What would the implications be if we conclude that John is likely right, and Jesus was a decade or more older than he is usually presented at the time of his ministry and death? To consider such a question properly would take us too far afield from John's Gospel itself, sending us down the rabbit hole of historic Jesus studies, a subject so multibranched that we'd never return. But I think it is worth considering whether such a possibility sheds some light on the vexed question of Jesus' scribal education, if only by making more time available for him to acquire such an education, apparently from non-traditional sources.

1Although we should remember that in Brown 1966, Raymond Brown cautions against assuming a two-year ministry from the Johannine evidence (pp l-li).

2 See Ross S. Kraemer, 'Implicating Herodias and Her Daughter in the Death of John the Baptizer: A (Christian) Theological Strategy?', Journal of Biblical Literature 125 (2006) 321-49, esp. pp 326-7.

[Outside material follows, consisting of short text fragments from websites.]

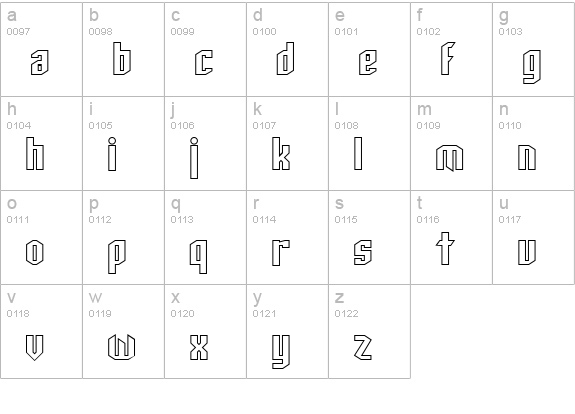 SF Archery Black Outline lowercase a-z preview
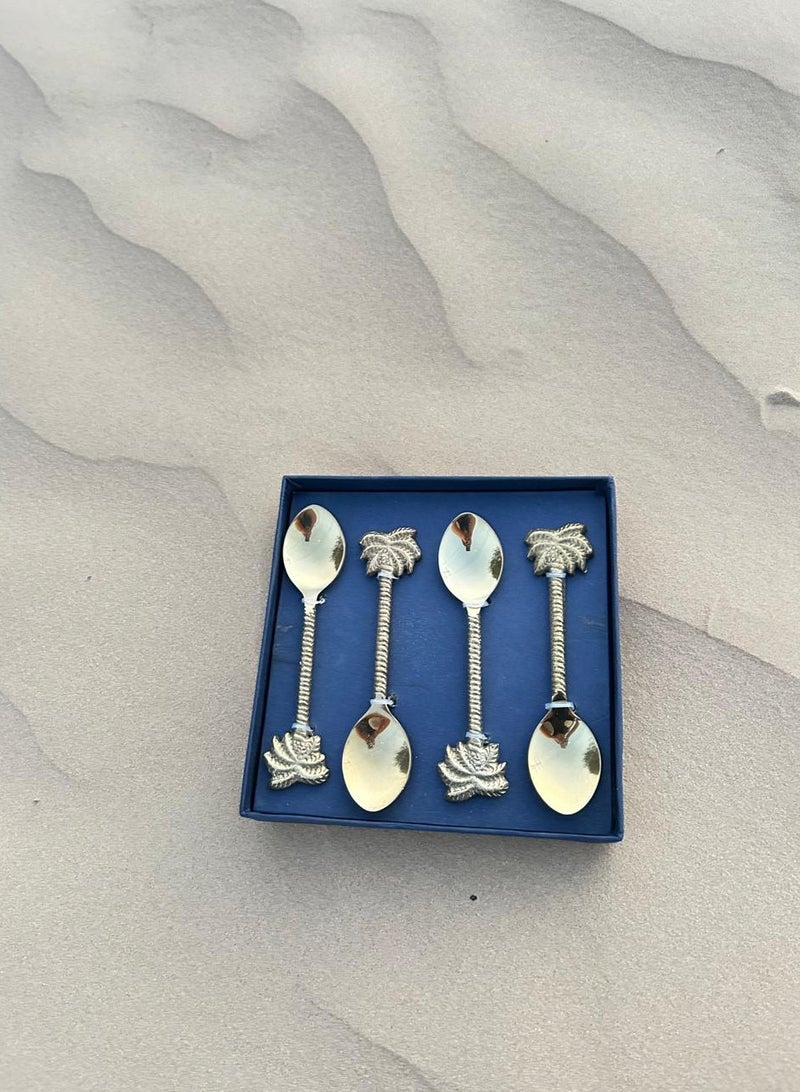 Tohfa Luxe Palm Dessert Spoon Set – 4 Handcrafted Natural Brass Spoons, 15 cm Each, Palm Motif Handle, Gift-Ready Box, Elegant Tableware Accessory - Image 1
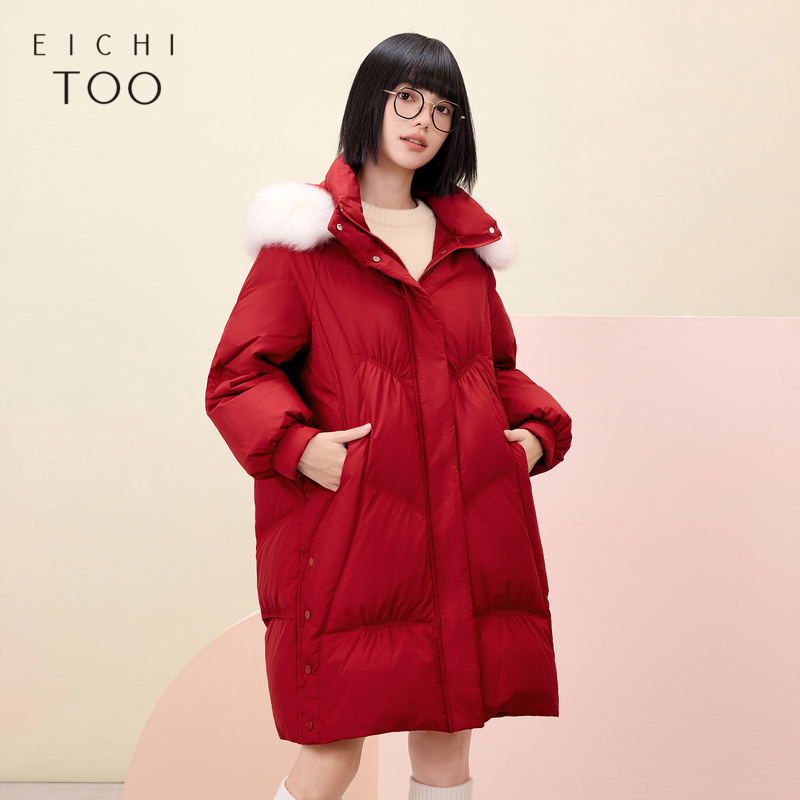 A爱居兔时尚连帽羽绒服冬季新款新年氛围感羽绒服EWRAJ4P034A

3 In the well-known account of Jesus' birth in Lk 2 we are told that Jesus was born in Bethlehem during the 'first registration' ordered by Augustus Caesar when Quirinius was governor of Syria. This date is problematic: Quirinius was governor of Syria from 6-12 CE. This is incompatible both with Luke's earlier statement that John the Baptist (and hence Jesus) was born during the reign of Herod the Great. It is also incompatible with Luke's later statement that Jesus was around 30 when he began his ministry after his baptism by John and John's arrest, since that would mean he began his ministry in 36 CE, a year by which, according to Josephus, John the Baptist was already dead.

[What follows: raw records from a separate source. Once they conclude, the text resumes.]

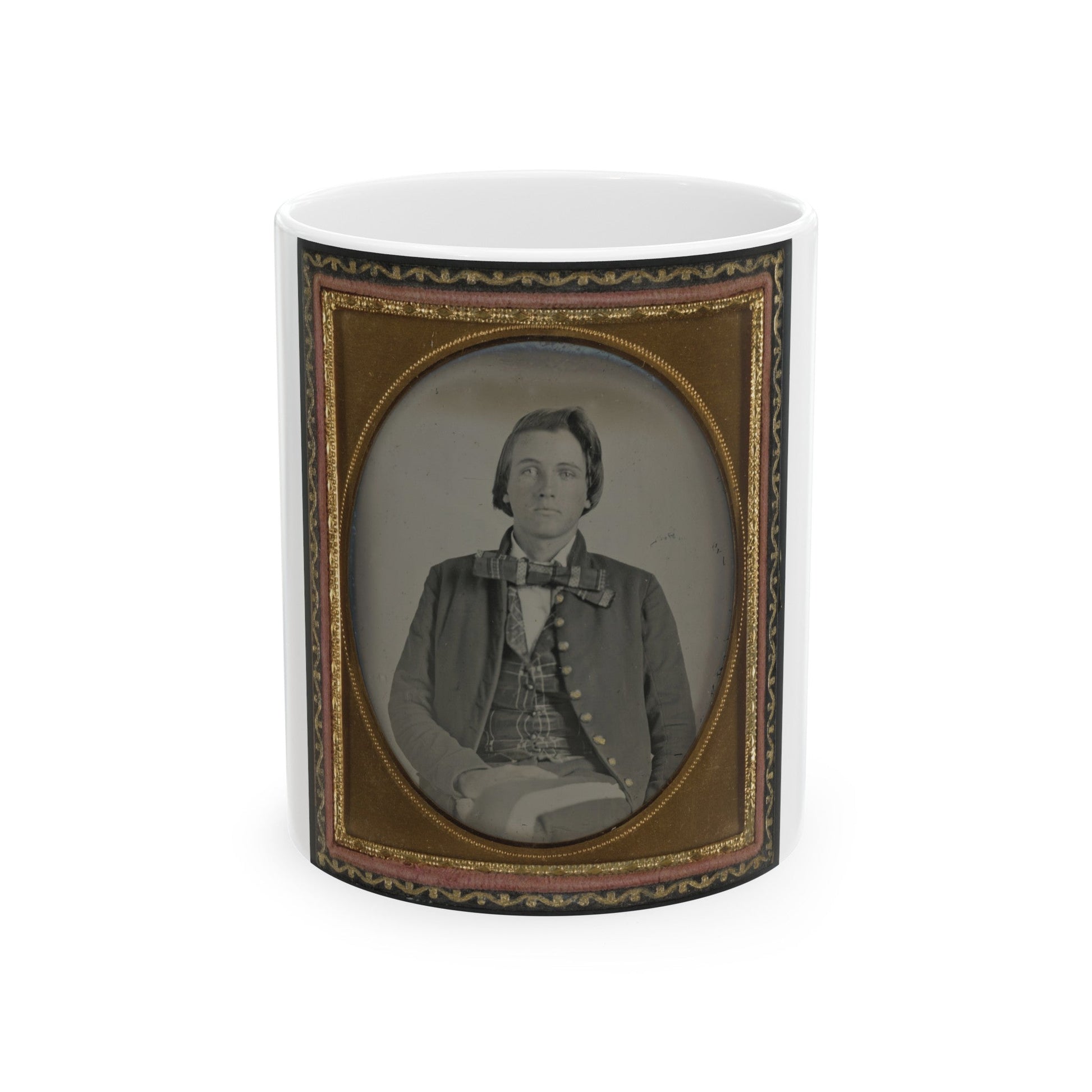 Unidentified Soldier In Confederate Nine-Button Frock Coat (U.S. Civil War) White Coffee Mug-11oz-The Sticker Space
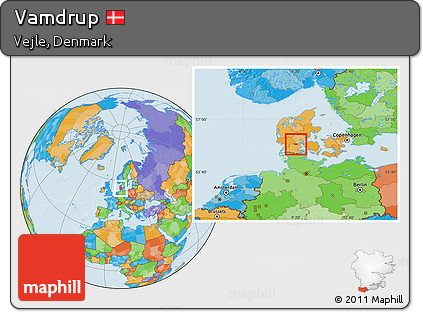 Political Location Map of Vamdrup
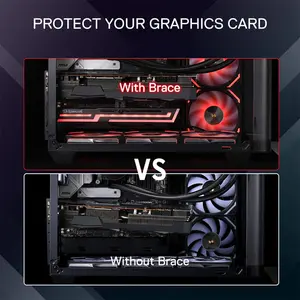 Redragon GCP03 ARGB GPU Support Bracket, Adjustable Graphics Card Holder Design, ARGB Lighting Effects, Anti-Sag GPU Support Solution, Premium PC Modding Accessory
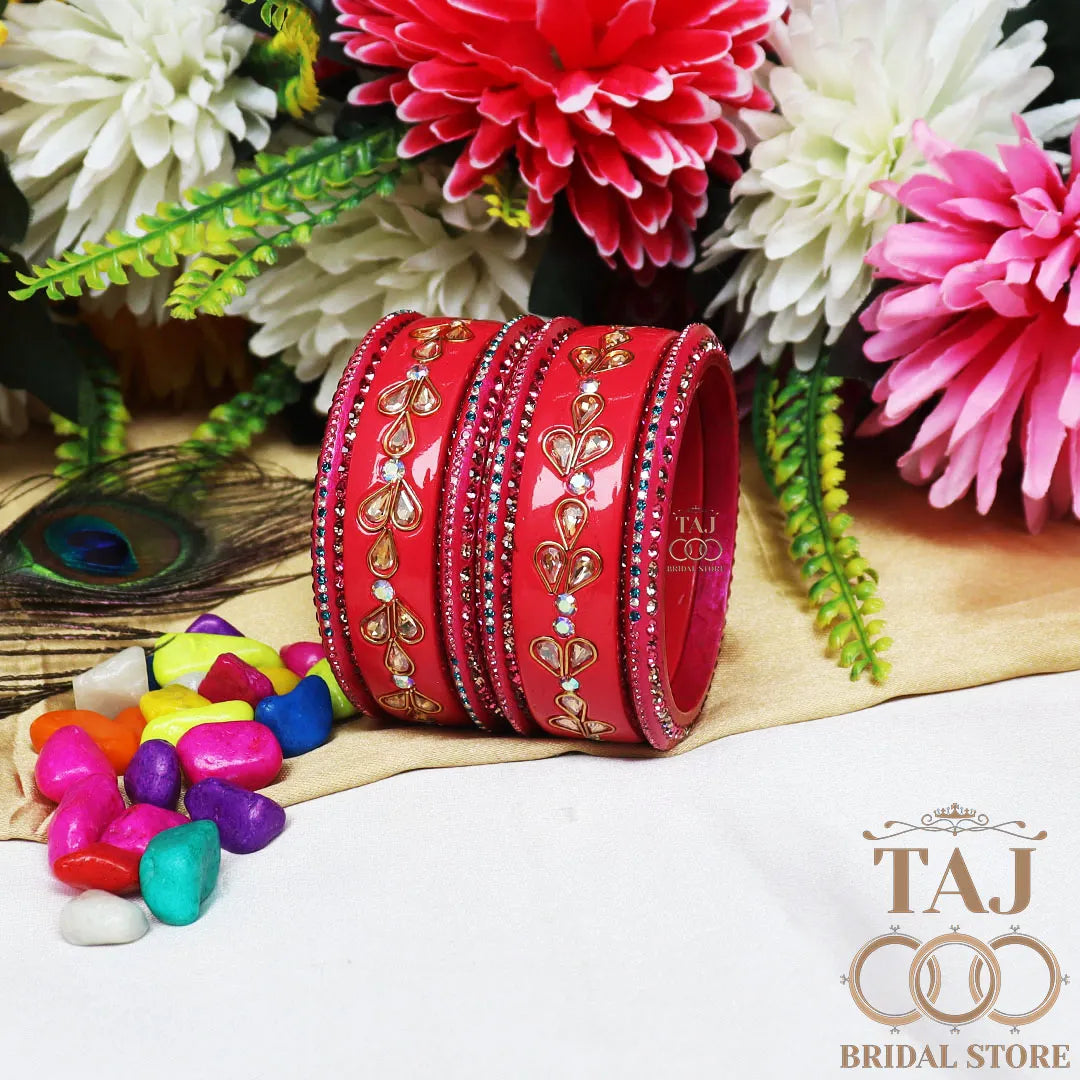 Karwa Chauth Special Lac Bangles Set With Kundan Design (Set of 6)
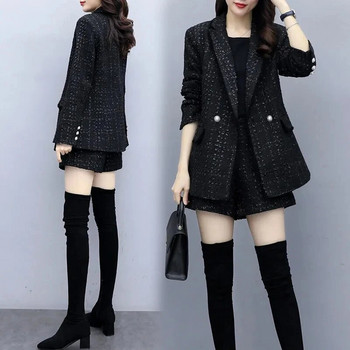 Μαύρο vintage καρό κοστούμι τουίντ Κομψό χαλαρό σακάκι και σορτς Σετ Κορεατικό σύνολο Femme 2 τεμάχια σετ Γυναικεία ρούχα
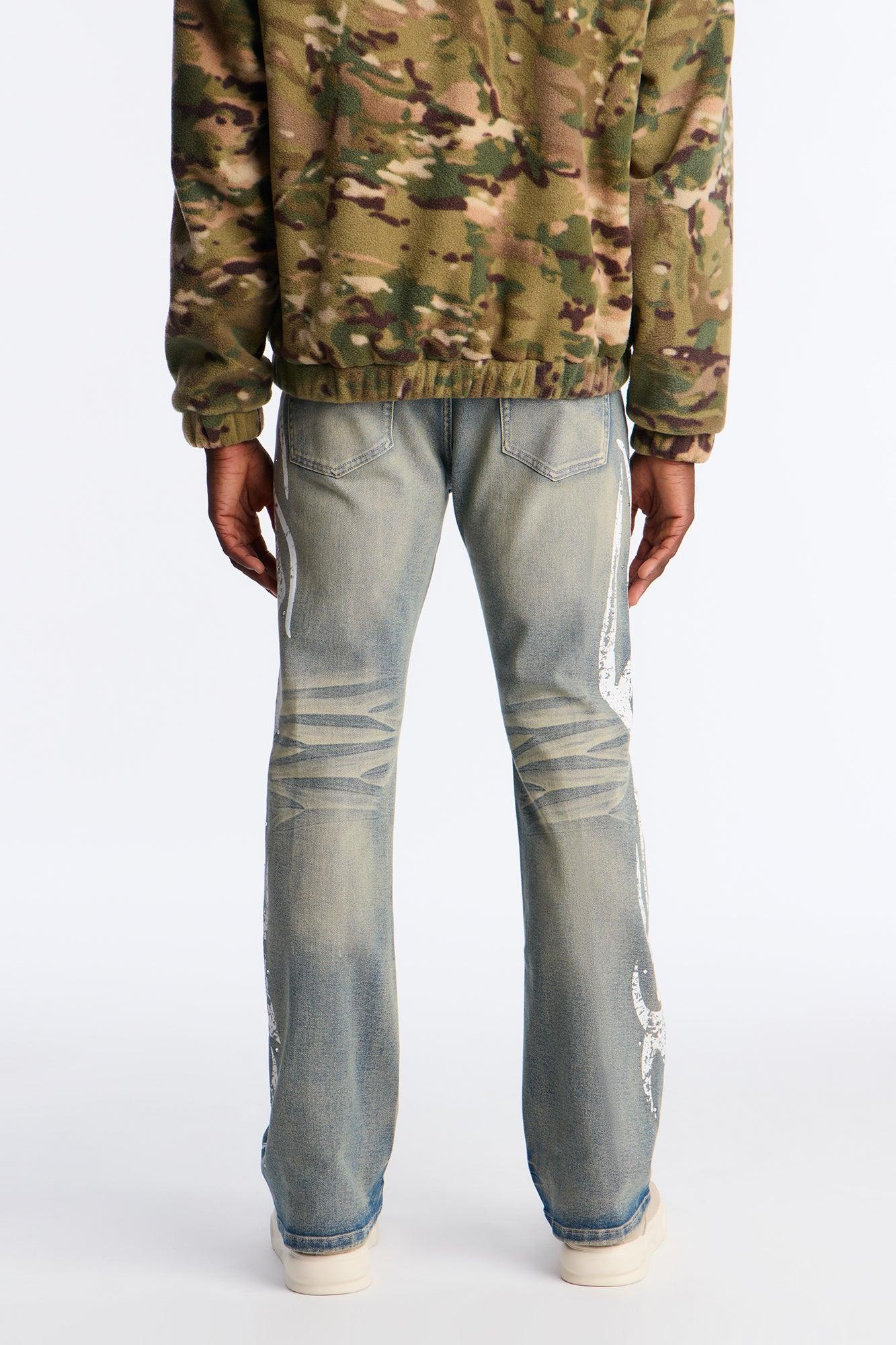 Stacked Skinny Flare Rockstar Life Jewel Jean - Light Wash Product Image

4 The calculation for the Common Era has long been recognised as being mistaken as to the first year of the Era, ie, the year of Jesus' birth. It is the result of the work of a sixth-century legist and chronologist named Dionysius Exiguus (Dennis the Puny or perhaps Dennis the Slender). In drawing up an Easter table (a table used to determine the dates on which Easter would fall annually in a given span of time), he pioneered the use of a new way to designate a date: in addition to giving the names of the men that had served in the office of consul in the year in which he was writing, a standard method of dating for the Roman world until the end of the Roman Empire, he also gave the number of years that he reckoned had passed since the Incarnation of Christ. The basis of his reckoning is not known. The problem remains to determine how far off those calculations may have been.

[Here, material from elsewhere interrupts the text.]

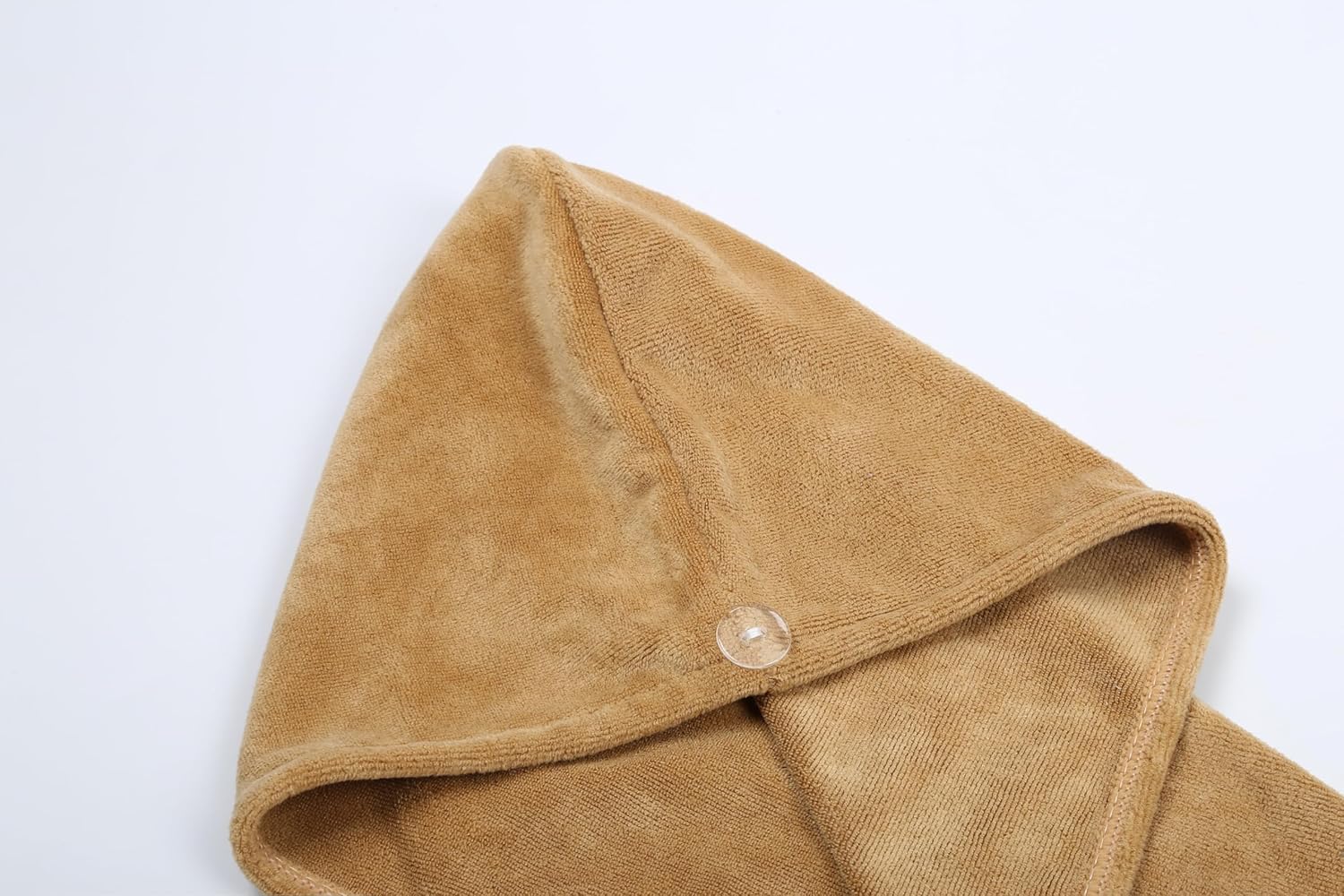 HOUSSE Microfibre Head Towels | 400 GSM High Absorbent Hair Wrap with Adjustable Buttons for Girls | Super Soft & Quick Dry Wrap Towel for Hairs | Set of 2 | 25x65 cm (Desert Sand & Rose Taupe)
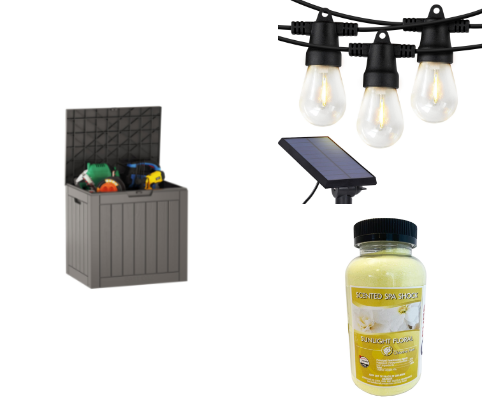 Must have items to keep around my outdoor patio to enjoy my hot tub cover photo collage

5If Matthew's account is correct, then Joseph and Mary may have lived in Bethlehem all along and only moved to Nazareth when they returned from Egypt. Luke certainly seems to have been confused about the details of the census and he may simply have been misinformed about why Mary and Joseph were in Bethlehem in Judaea when Jesus was born, when all his adult associations were in Galilee. But this is not an issue to be dealt with here.